[Exercise data — start]

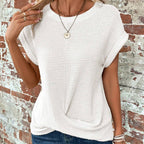 Women’s Summer Crochet Bat Sleeve T-Shirt
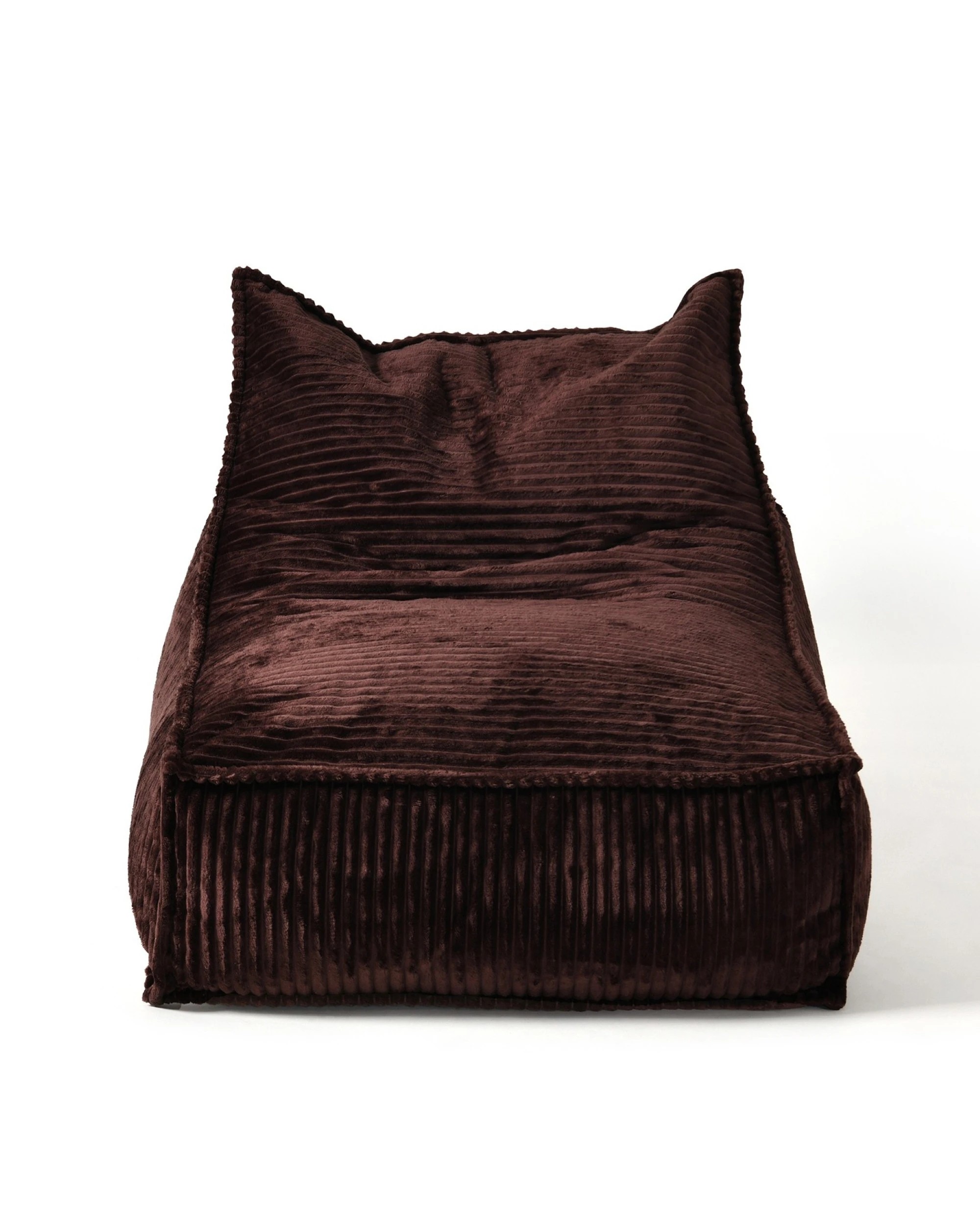 3 Cadence & Co. Wilde Ribbed Luxe Fleece Bean Bag Lounge Cover - Chestnut Brown, 3 of 7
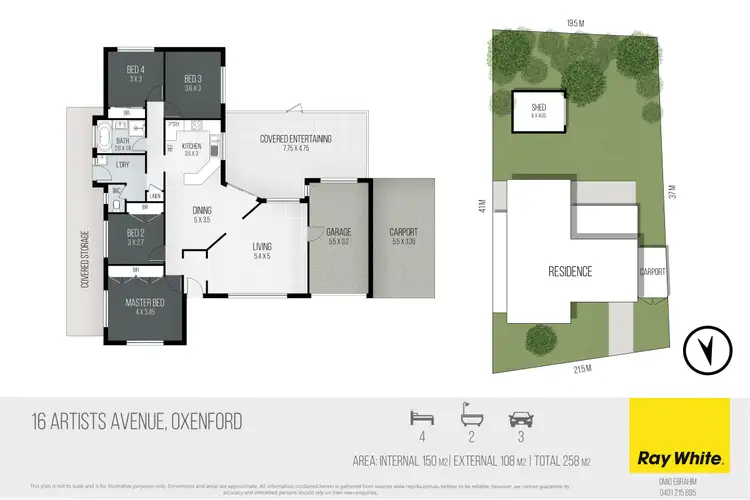 Floorplan of Homely house listing, 16 Artists Avenue, Oxenford QLD 4210
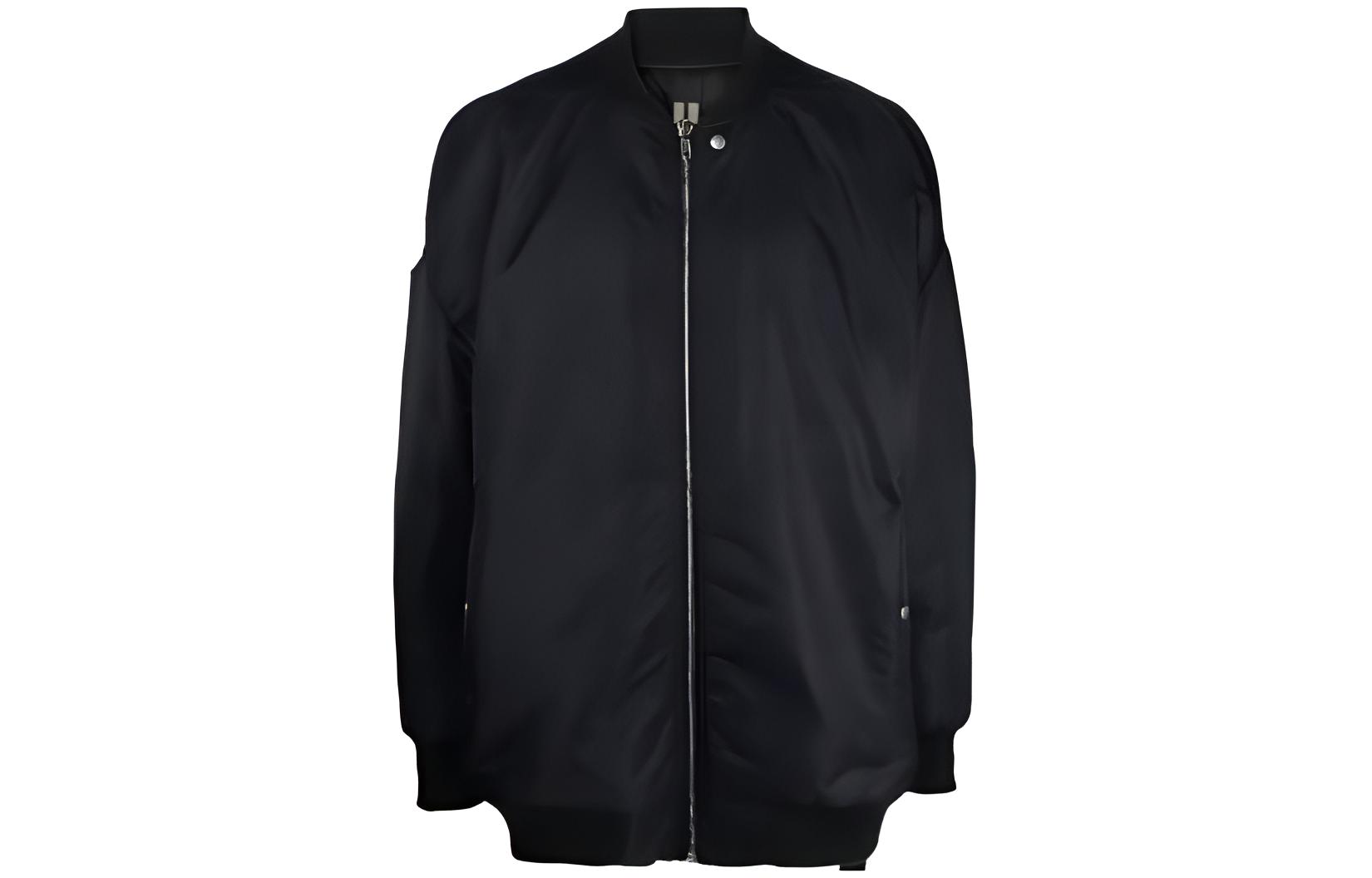 Rick Owens DRKSHDW Black Solid Color Loose Fit Long Sleeve Jacket DU02C5776BR-09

[Exercise data — finish]

=== Task goal ===
Starting at the line with "3 Cadence &", transcribe the listing above exactly through its last line. No picture belongs in the transcription.

=== The answer ===
 3 Cadence & Co. Wilde Ribbed Luxe Fleece Bean Bag Lounge Cover - Chestnut Brown, 3 of 7
 Floorplan of Homely house listing, 16 Artists Avenue, Oxenford QLD 4210
 Rick Owens DRKSHDW Black Solid Color Loose Fit Long Sleeve Jacket DU02C5776BR-09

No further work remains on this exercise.